La Cour de justice de l’Union européenne met hors jeu les règles de la FIFA. (Photo: Shutterstock)

La Cour de Justice de l’Union européenne a rendu ce 4 octobre une décision très attendue. Et redoutée par le milieu du foot. Certaines règles de la FIFA sur les transferts de joueurs enfreignaient le droit de l’UE. Elles devront être réformées.

L’enjeu de la rencontre était énorme: un joueur a-t-il le droit de rompre unilatéralement son contrat pour aller exercer sa profession ailleurs? Les règles de la FIFA l’interdisaient concrètement. Si rien n’empêchait un joueur de partir, il devait verser une indemnité en fonction de sa rémunération et de ses avantages jusqu’au terme de son contrat. Pire, le club qui le recrutait dans la foulée était susceptible de devoir payer au club précédent une indemnité. C’est le système dit de «codébition», qui rend solidaire le club qui engagerait un joueur du paiement de l’amende si ce dernier a rompu son contrat avec son ancien club sans juste cause.

En l’espèce, Lassana Diarra, ex-international français (34 sélections) et écarté du groupe professionnel par son club de l’époque, le Lokomotiv de Moscou, avait en 2014, suite à une réduction de son salaire, rompu son contrat trois ans avant son terme. Pressenti pour rebondir en Belgique, dans le club de Charleroi, un contrat n’avait pu être signé, le club belge redoutant les possibles conséquences judiciaires et financières par rapport au club russe. Lassana Diarra avait pu rebondir à l’Olympique de Marseille en 2015, mais avait été contraint de payer 10 millions de dédommagement à son ancien club.

Le retour de la libre circulation des travailleurs

Pour la CJUE, ce système viole le principe de la libre circulation des travailleurs. Selon l’avocat général Szpunar, le règlement FIFA du statut et du transfert des joueurs est incompatible avec le droit de la concurrence et le principe de libre circulation de l’UE. «Ces dispositions sont de nature à décourager et à dissuader les clubs d’embaucher le joueur par crainte d’un risque financier.» «Limiter la capacité des clubs à recruter des joueurs affecte nécessairement la concurrence entre les clubs sur le marché de l’acquisition des joueurs professionnels», poursuivait-il.

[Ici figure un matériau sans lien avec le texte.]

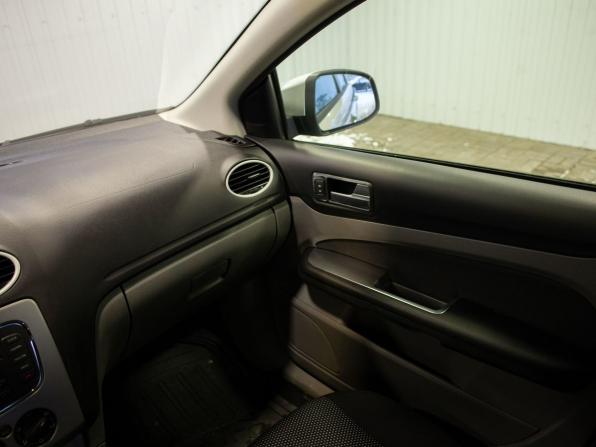 Ford Focus II Рестайлинг с пробегом 2010 года, цена 645 000 рублей, 174331 км, хэтчбек, Автокод Объявления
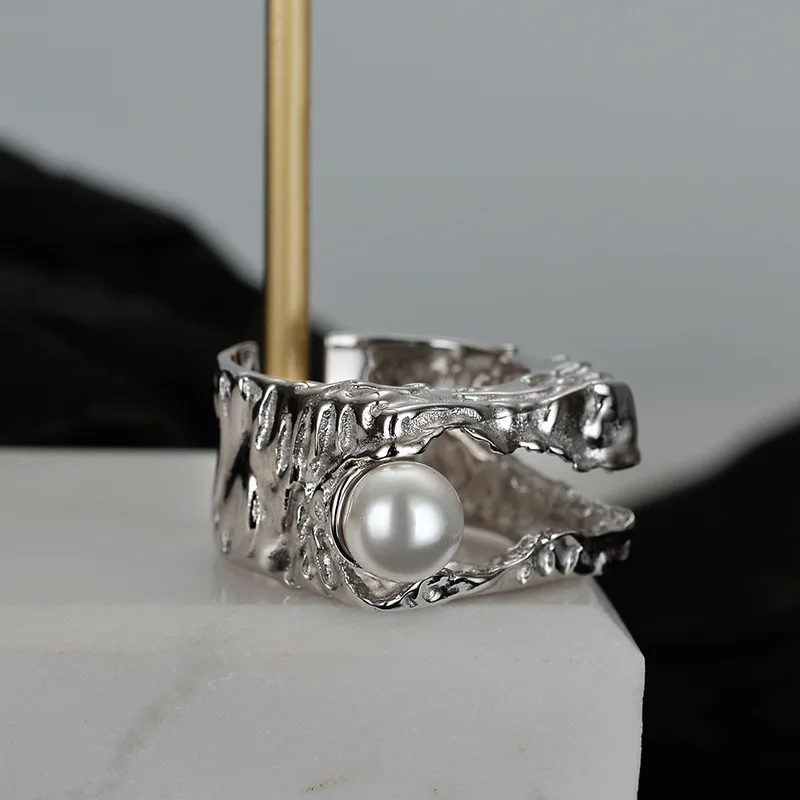 Женское кольцо с крупным жемчугом, серебристого цвета
Женское кольцо с крупным жемчугом, серебристого цвета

La CJUE lui a donné raison.

Sommes-nous devant un arrêt Bosman 2.0 qui va révolutionner le système des transferts du football comme avait pu le faire l’arrêt Bosman du15 décembre 1995, qui avait mis fin au quota de joueurs étrangers dans les clubs européens? Jean-Louis Dupont, l’avocat de Lassana Diarra et de Jean-Marc Bosman, le pense. Pour lui, la «CJUE – une fois de plus – sanctionne durement les agissements structurellement illégaux des régulateurs actuels du football et ouvre ainsi la voie à une modernisation de la gouvernance, notamment par le recours à la négociation collective entre employés et employeurs». L’avocat estime de plus que «tous les joueurs professionnels qui ont été affectés par ces règles illégales – en vigueur depuis 2001! – peuvent maintenant demander réparation intégrale de leur dommage. Nous sommes convaincus que ce prix à payer pour avoir violé le droit de l’UE obligera – enfin – la FIFA à se soumettre à l’État de droit et accélérera la modernisation de la gouvernance.»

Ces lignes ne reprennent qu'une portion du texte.